Among the local musicians who have already played Shanghai Jazz and will be returning are guitarist-singer Eddie Hazell's Trio, singer Nancy Nelson, the Eric Olsen Trio and guitarist Bob DeVos.  Singer-guitarist, Grover Kemble, and his trio make their Shanghai Jazz debut tonight, and saxophonist Jim Pellgrino, who appeared last Saturday in Grasso's quintet, returns in a more intimate duo setting this Saturday.

Beginning next month, on Feb. 9, Chang plans to increase the live jazz lineup to three days a week by adding Friday nights.  And on Sunday, Feb. 18 and Friday, Feb. 23, the restaurant will host, "Chinese New Year in New Orleans," with music by Mike Denny's Dixieland Jazz Band and Chinese New Year banquet food, with patrons encouraged to wear Mardi Gras costumes and/or masks.
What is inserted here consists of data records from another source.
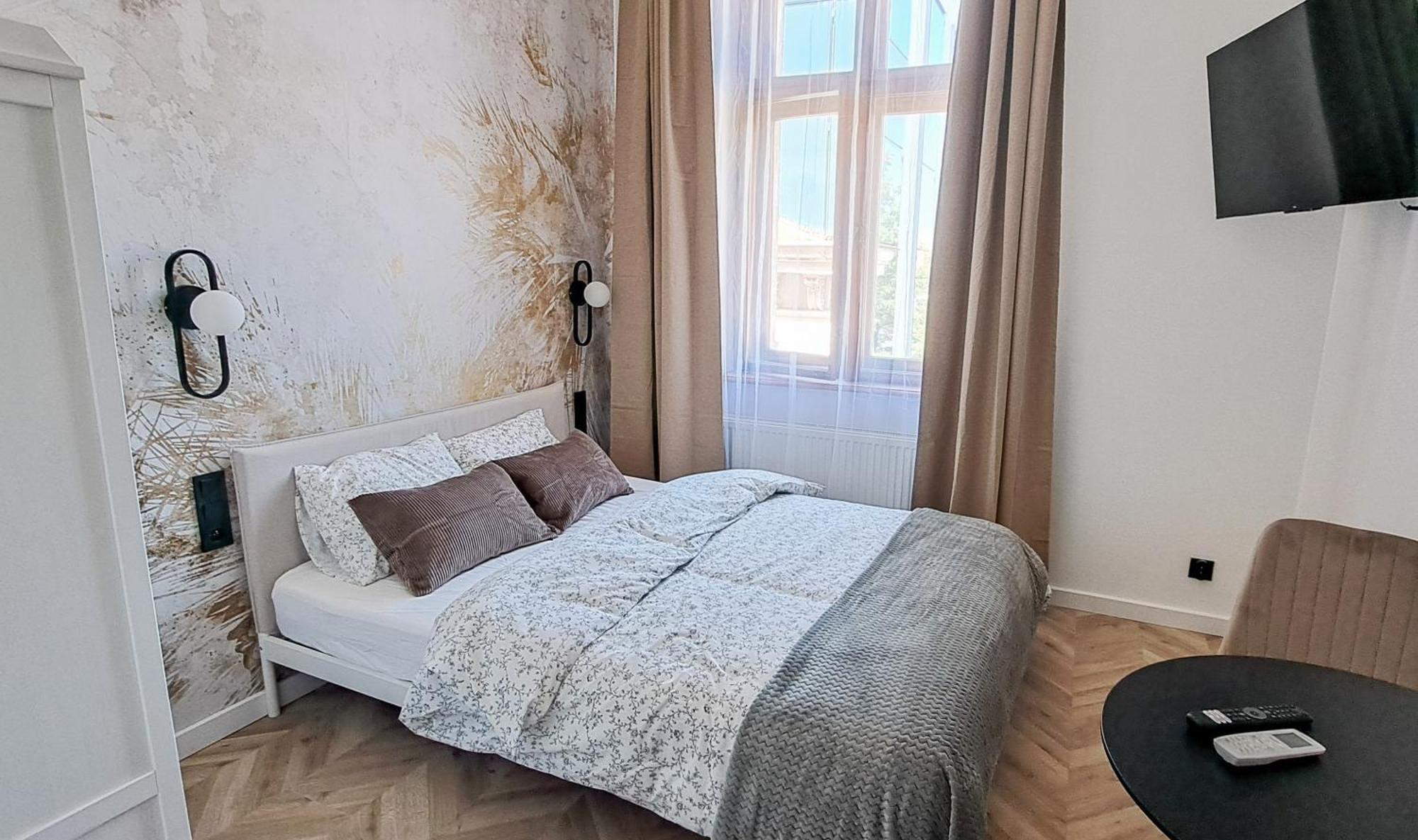 Lion Apartments - Premium Studio Krasków Eksteriør bilde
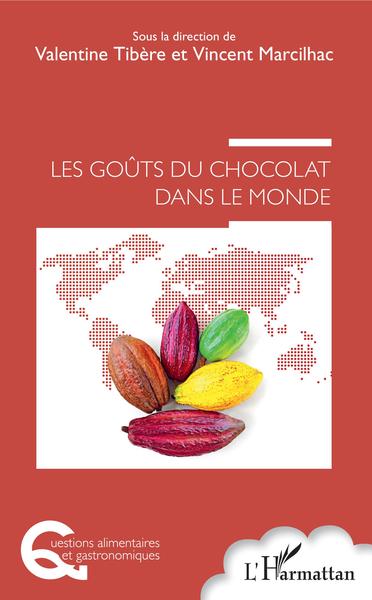 Picture of Les Goûts du chocolat dans le monde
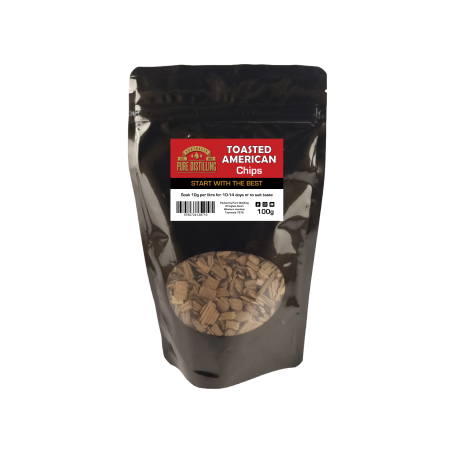 Toasted American Oak 100gs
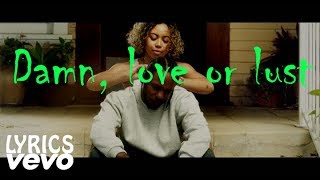 Kendrick Lamar  LOVE Lyrics ft Zacari  Lyrics of Kendrick LamarLOVE Kendrick Lamar LOVE Lyrics [upl. by Eilarol]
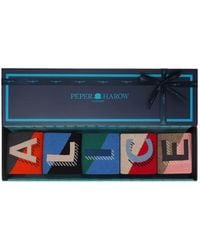 Peper Harow - Made in England - Alphabet Gift Box – Alice - Lyst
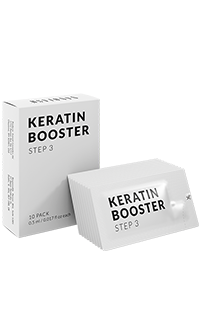 Krok 3 - Keratin Booster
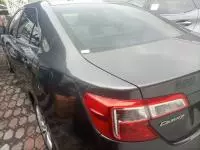 car Right Back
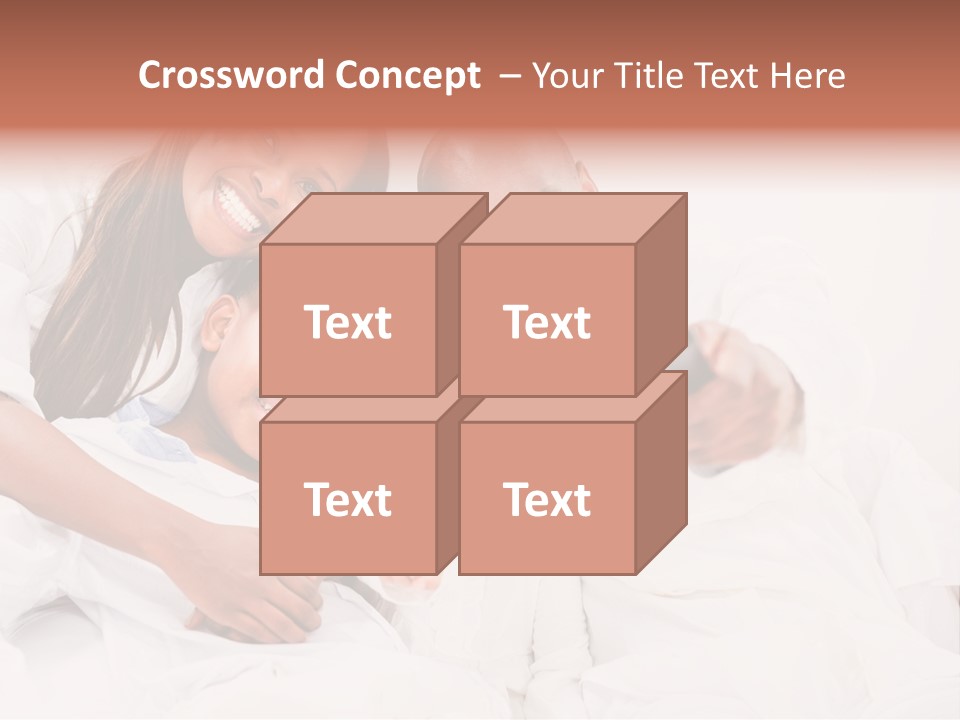 Background Son American PowerPoint Template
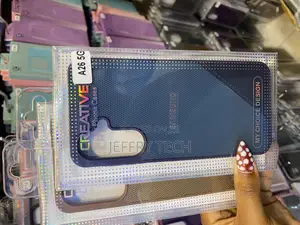 Sweqa Samsung Galaxy A26 5g Business Style Pu Leather Back Case
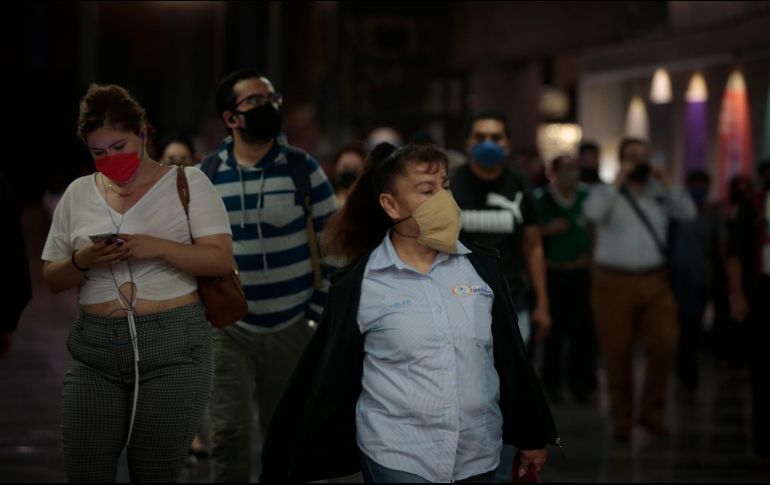 Sólo los resultados de las pruebas realizadas por el SISVER son tomadas en cuenta en la plataforma federal. EL INFORMADOR / ARCHIVO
Jazz and restaurants in New Jersey have had uneasy marriages over the years  but things bode well for Shanghai Jazz.  Usually it is musicians or agents who push for the music; this time it's the owner herself.  And by playing jazz on
the sound system even when musicians are not appearing, Martha Chang is making the venue conductive to jazz.  Also, for a room without a stage, the sound is remarkably good.   It should be even better when Chang finds the piano she's committed to adding to enhance the music presentations.